Her eyes leaped to the screens as the man pressed a button and the video began to play. The images blurred at times, pixelating before becoming crisp again.
At first, nothing happened, but then a dark silver car pulled up at the gate on the narrow lane and two men got out. They were both tall and slim. She peered closer as rage ignited in her veins again, trying to get a better look at them. The quality of the video was good, but not crystal clear, especially whenever the men were moving. It didn’t help that one of the men was wearing a hat, hiding his face from the camera.
Both wore black, the man with the hat dressed in an elegant suit while his companion who walked a step behind him wore a long black coat that was tight to his slender frame.
It wasn’t much to go on.
She stared at the man without a hat, imprinting him on her mind, studying him closely to catch the times the images were clear and she could make out his face. His black hair. His features. His pale skin. She put everything about him to memory so she would never forget him, and then tried to do the same with the second man.
He paused at the door, lifted his head so she could finally see his face, and slid a look at the camera.
A chill shot down Marinda’s spine and she gasped as she felt as if he had looked right at her, as if he had wanted her to see his face.
Rage burned out of control inside her as she stared into his golden eyes.
She would find him.
She would find both of them.
And she would butcher them.
She stilled as that thought hit her. Her stomach flipped. No. She wouldn’t attack them. She would tell the authorities if she found them. She would bring them to justice that way. Not through violence.
Never through violence.
But that burning fury refused to abate as the man without a hat pushed the door open and entered ahead of the one in the suit. That man finally dragged his eyes away from the camera and stepped into the house.
Her house.
A strange sense of feeling violated washed through her. Her home had been her sanctuary, a safe place she had always returned to, one where her best memories had been made and she had been happy. Now, all of that was gone. Her home was the scene of her worst memory, and she would never feel safe there again.

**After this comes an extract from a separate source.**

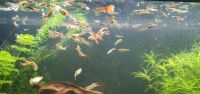 Guppy Fische Aquarium Guppys Fisch Guppies Nordrhein-Westfalen - Siegen Vorschau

The man in the suit exited the house, neatening the cuffs of his jacket, walked to the car and got into it. It moved away a moment later.

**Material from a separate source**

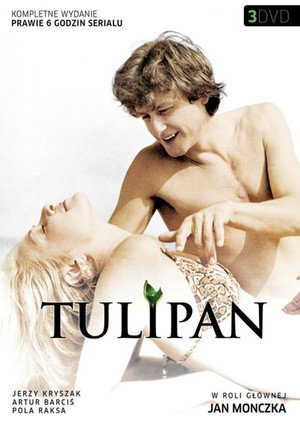 Tulipan poszter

She looked at the greying officer to her right. “What happened to the other man?”
She checked both monitors, but he didn’t emerge. And then she was on screen, walking down the garden path. Pausing. Heading inside.
Another chill tumbled down her back, and she asked with more desperation, “Did the other man come out?”
The officer offered a sympathetic look she suspected was meant to be calming. “He didn’t.”
Marinda swallowed and stared at the screen, watching it all playing out. The ambulance and authorities arriving. Her being taken away. Police entering the house. Not once did the man appear again.
“We checked every inch of the house and that’s when we found the CCTV server. We reviewed the footage front and rear, and he never comes out. It’s why we wanted you to see it. Is there another exit he might have taken?”
She shook her head, her mind going blank as something hit her.
The man had been in the house at the same time as she had been there, struggling to save her father.
And then another thought struck her.
If there was no other exit, and the police had searched the entire house, where had he gone?
She looked at the men beside her. “You checked the attic?”
The greying man nodded. “We checked everywhere, with several officers in attendance. He couldn’t have slipped around us. The house is small.”
She frowned at him. “So, what? He just disappeared?”
An image flashed across her mind. A hospital room. A blond man. The car park. His arm around her. Blue light. Darkness.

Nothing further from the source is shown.